(Collected data)
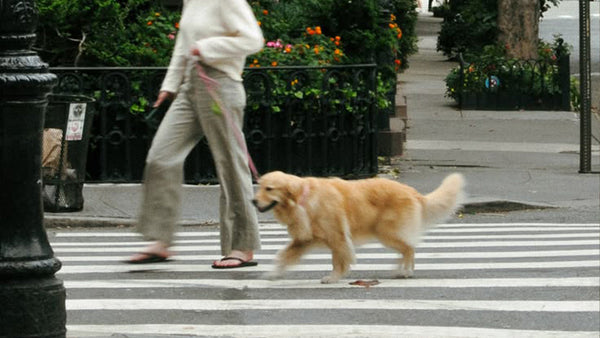 Dog Stores Near Me: UK Local Shop Finder & Online Guide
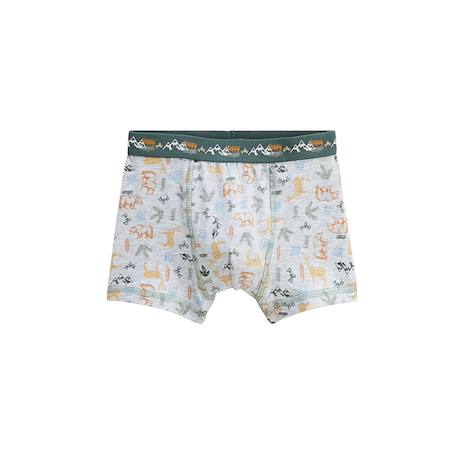 Lot de 2 boxers garçon forest Vert 5 - vertbaudet enfant 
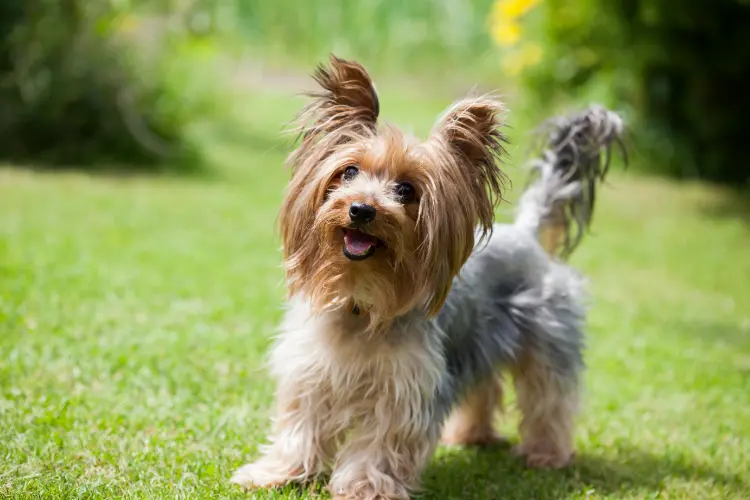 7. Yorkshire Terriers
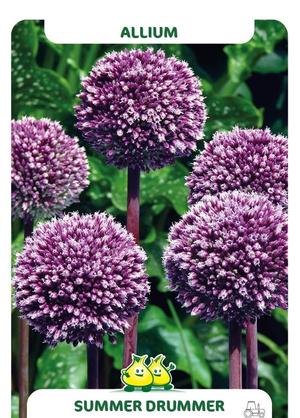 Allium 'Summer Drummer'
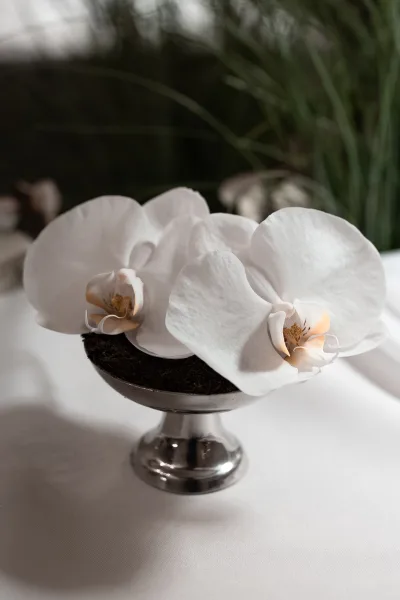 Orchid centerpiece with white orchid blooms in a silver pedestal bowl with moss on a white tablecloth surrounded by greenery foliage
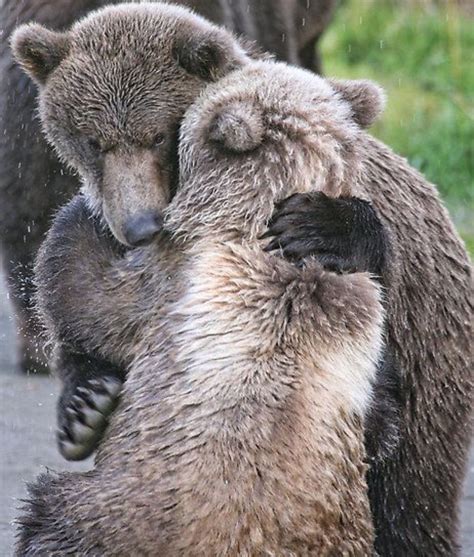 Pin By Lise Walsh King On Love Animals Bear Hug Animals Beautiful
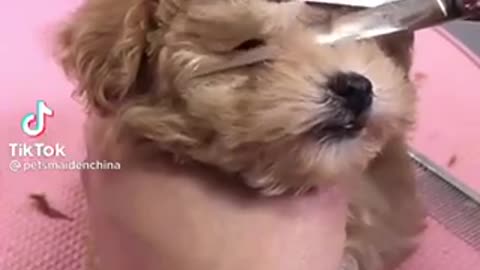 Puppy gets a hair cut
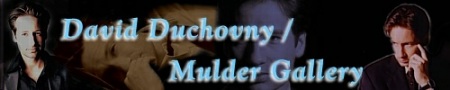 David Duchovny/Mulder
gallery
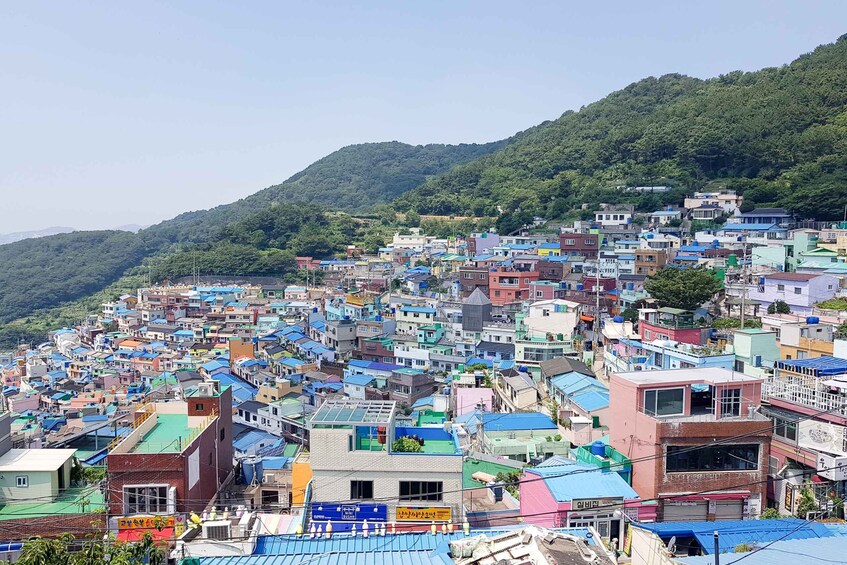 Picture 2 for Activity Busan: Day Trip with Gamcheon Culture Village and Sky Walk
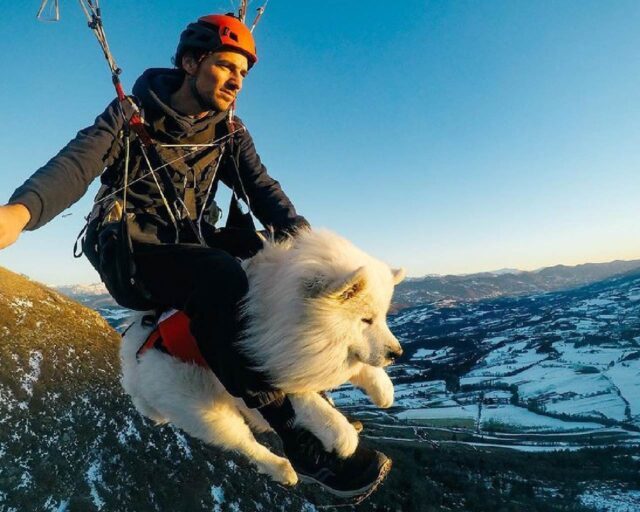 shams&ouka ouka-il-cane-volante-instagram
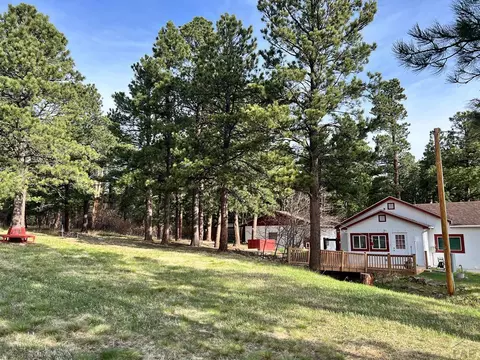 10189 Singer Ln, Rye, CO 81069 photo 32
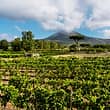 Organic "Classico" Wine Tasting with Lunch on Vesuvius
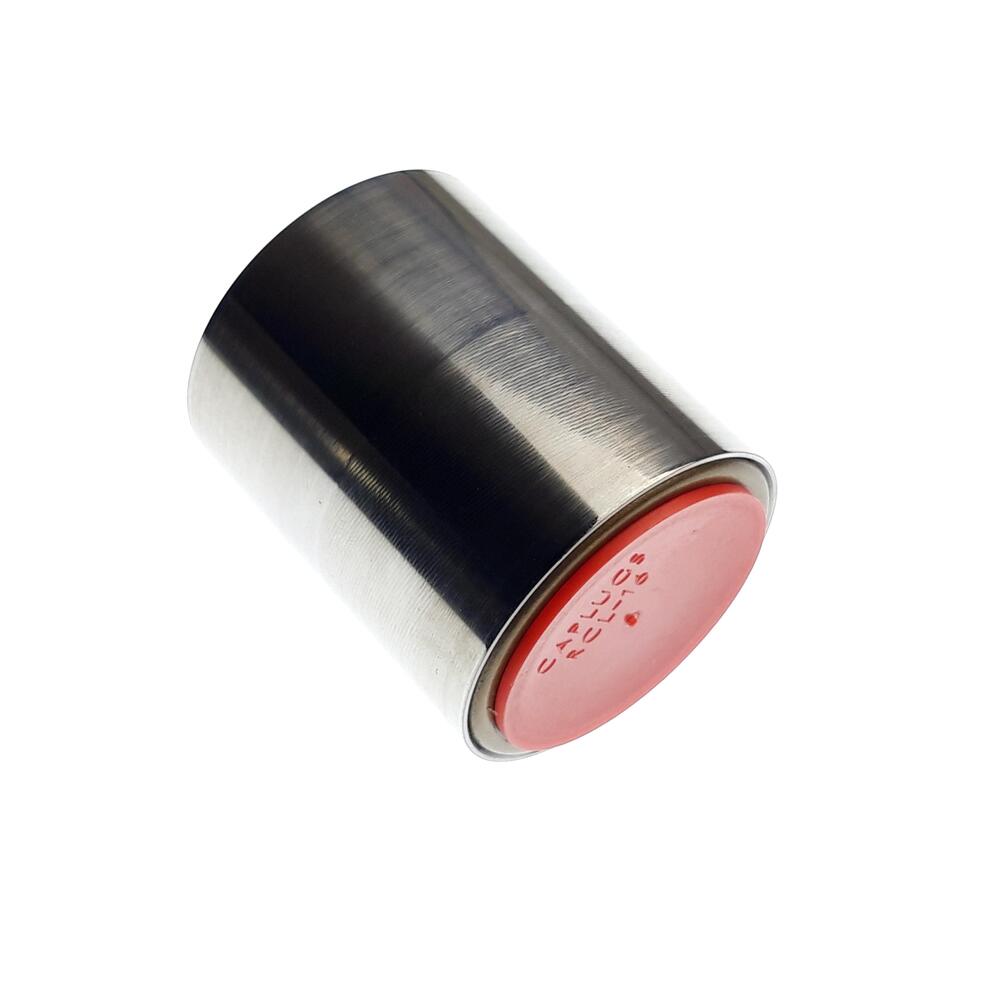 TGB ONE WAY (BEARING) - 493068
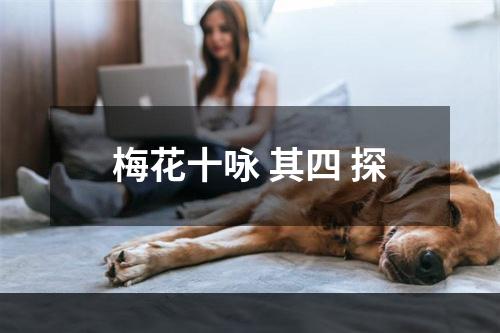梅花十咏 其四 探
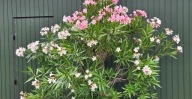 Oleander dorodny gęsty rozłożysty różowy wys.250cm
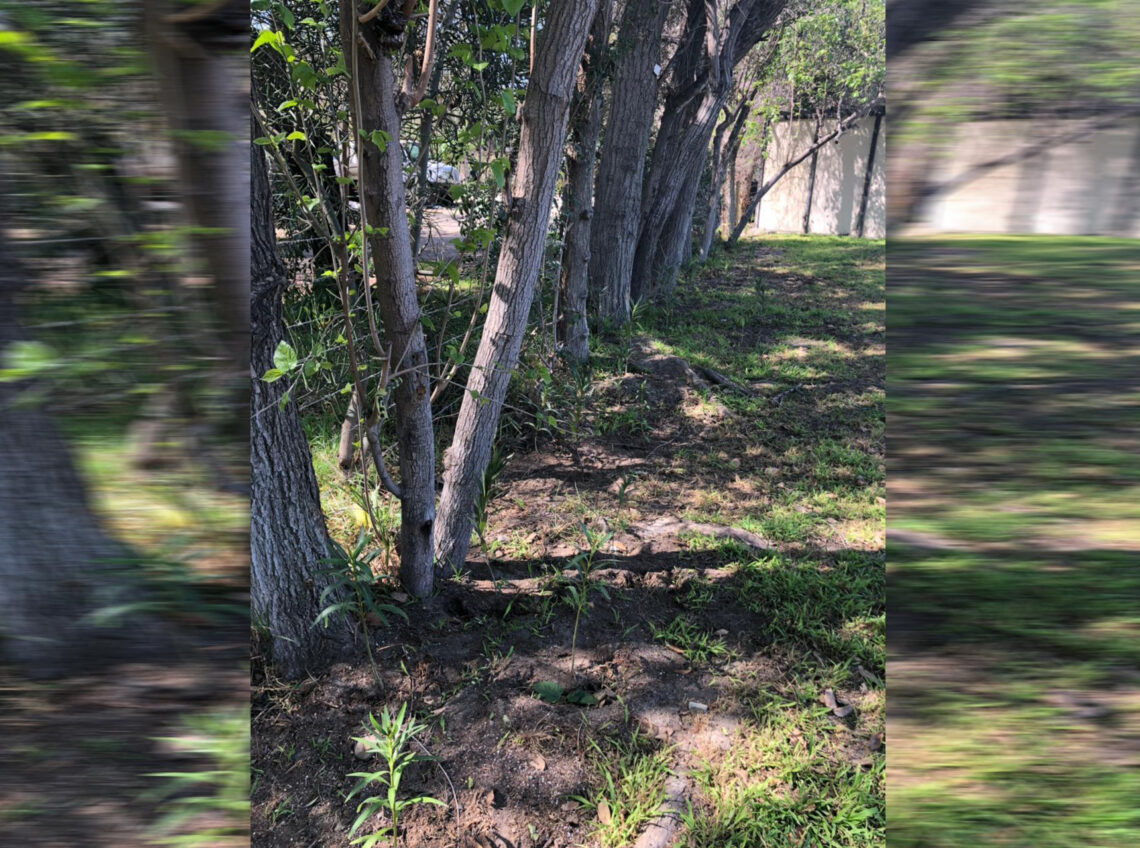 Ofrece Simpatt seguridad a visitantes de parques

> **WHAT YOU ARE ASKED TO DO**:
Give back exactly, and only, the lines from the one holding "shams&ouka ouka-il-cane-volante-instagram" through the last line of the entries, with every picture omitted.

> **OUTPUT OF THE EXERCISE**:
 shams&ouka ouka-il-cane-volante-instagram
 10189 Singer Ln, Rye, CO 81069 photo 32
 Organic "Classico" Wine Tasting with Lunch on Vesuvius
 TGB ONE WAY (BEARING) - 493068
梅花十咏 其四 探
 Oleander dorodny gęsty rozłożysty różowy wys.250cm
 Ofrece Simpatt seguridad a visitantes de parques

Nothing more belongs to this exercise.